Question

$y > -\frac{6}{5}x + 2$
plot points on the boundary line. select the line to switch between solid and dotted. select a region to shade it.

Explanation:

Step1: Identify the boundary line equation

The inequality is \( y > -\frac{6}{5}x + 2 \). The boundary line is \( y = -\frac{6}{5}x + 2 \) (dotted line since the inequality is strict, \( > \), not \( \geq \)).

Step2: Find two points on the boundary line

• When \( x = 0 \): \( y = -\frac{6}{5}(0) + 2 = 2 \). So the point is \( (0, 2) \).
• When \( x = 5 \): \( y = -\frac{6}{5}(5) + 2 = -6 + 2 = -4 \). So the point is \( (5, -4) \).
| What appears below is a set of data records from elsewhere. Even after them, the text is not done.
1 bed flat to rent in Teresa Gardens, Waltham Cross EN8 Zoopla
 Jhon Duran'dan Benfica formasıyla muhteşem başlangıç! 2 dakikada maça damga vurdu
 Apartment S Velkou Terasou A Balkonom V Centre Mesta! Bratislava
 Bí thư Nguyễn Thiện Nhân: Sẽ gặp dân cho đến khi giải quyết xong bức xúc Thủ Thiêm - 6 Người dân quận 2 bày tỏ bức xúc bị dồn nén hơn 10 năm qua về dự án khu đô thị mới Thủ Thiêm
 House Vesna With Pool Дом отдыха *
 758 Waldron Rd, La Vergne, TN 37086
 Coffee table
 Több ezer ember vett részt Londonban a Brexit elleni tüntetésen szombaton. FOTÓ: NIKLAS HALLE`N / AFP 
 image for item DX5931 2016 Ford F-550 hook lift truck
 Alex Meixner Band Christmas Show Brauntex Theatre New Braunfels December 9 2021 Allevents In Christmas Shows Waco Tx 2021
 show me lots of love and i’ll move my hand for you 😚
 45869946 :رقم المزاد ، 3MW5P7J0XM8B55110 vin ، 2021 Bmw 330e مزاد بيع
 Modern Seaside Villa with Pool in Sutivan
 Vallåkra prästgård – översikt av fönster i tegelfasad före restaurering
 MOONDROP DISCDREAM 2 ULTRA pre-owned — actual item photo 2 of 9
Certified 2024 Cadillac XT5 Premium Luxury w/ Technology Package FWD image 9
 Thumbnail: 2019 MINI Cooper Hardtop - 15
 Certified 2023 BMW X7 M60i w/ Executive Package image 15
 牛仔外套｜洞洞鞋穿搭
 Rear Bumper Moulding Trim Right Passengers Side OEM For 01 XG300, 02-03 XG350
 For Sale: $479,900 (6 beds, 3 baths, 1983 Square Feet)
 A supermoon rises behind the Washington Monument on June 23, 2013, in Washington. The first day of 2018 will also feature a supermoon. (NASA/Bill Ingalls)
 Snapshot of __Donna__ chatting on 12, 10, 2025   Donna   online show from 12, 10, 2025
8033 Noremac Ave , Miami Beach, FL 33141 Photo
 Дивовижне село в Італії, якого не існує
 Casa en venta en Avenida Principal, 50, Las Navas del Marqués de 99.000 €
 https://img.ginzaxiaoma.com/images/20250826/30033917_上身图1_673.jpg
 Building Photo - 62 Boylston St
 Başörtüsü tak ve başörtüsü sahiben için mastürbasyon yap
Step3: Determine the shading region

Since the inequality is \( y > -\frac{6}{5}x + 2 \), we shade the region above the boundary line. We can test a point not on the line, e.g., \( (0, 3) \). Plugging into the inequality: \( 3 > -\frac{6}{5}(0) + 2 \) → \( 3 > 2 \), which is true. So we shade above the dotted line passing through \( (0, 2) \) and \( (5, -4) \).

Answer:

1. Plot the boundary line (dotted) through points \((0, 2)\) and \((5, -4)\).
2. Shade the region above this dotted line.